Re: Can we drop upstream Linux x32 support?

From: Thomas Schoebel-Theuer
Date: Sat Dec 15 2018 - 02:47:54 EST


On 12/14/18 22:41, Thomas SchÃbel-Theuer wrote:
On 12/14/18 22:24, Andy Lutomirski wrote:

I'm talking about x32, which is a different beast.


So from my viewpoint the mentioned roadmap / timing requirements will remain the same, whatever you are dropping.

Enterprise-critical use cases will probably need to be migrated to KVM/qemu together with their old kernel versions, anyway (because the original hardware will be no longer available in a few decades).


Here is a systematic approach to the problem.


AFAICS legacy 32bit userspace code (which exists in some notable masses) can be executed at least in the following ways:


1) natively on 32bit-capable hardware, under 32bit kernels. Besides legacy hardware, this also encompasses most current Intel / AMD 64bit hardware in 32bit compatibility mode.

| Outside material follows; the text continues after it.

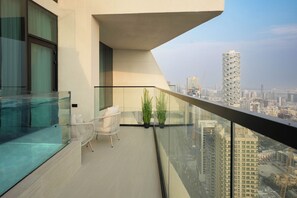 Deluxe Apartment, Balcony, City View | Balcony view - Elegant High - Private Pool (Dubai)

2) under 64bit kernels, using the 32bit compat layer from practically any kernel version.

3) under KVM/qemu.


When you just drop 1), users have a fair chance by migrating to any of the other two possibilities.

As explained, a time frame of ~5 years should work for the vast majority.

If you clearly explain the migration paths to your users (and to the press), I think it will be acceptable.


[side note: I know of a single legacy instance which is now ~20 years old, but makes a revenue of several millions per month. These guys have large quantities of legacy hardware in stock. And they have enough money to hire a downstream maintainer in case of emergency.]


Fatal problems would only arise if you would drop all three possibilities in the very long term.


In ~100 years, possibility 3) should be sufficient for handling use cases like preservation of historic documents. The latter is roughly equivalent to running binary-only MSDOS, Windows NT, and similar, even in 100 years, and even non-natively under future hardware architectures.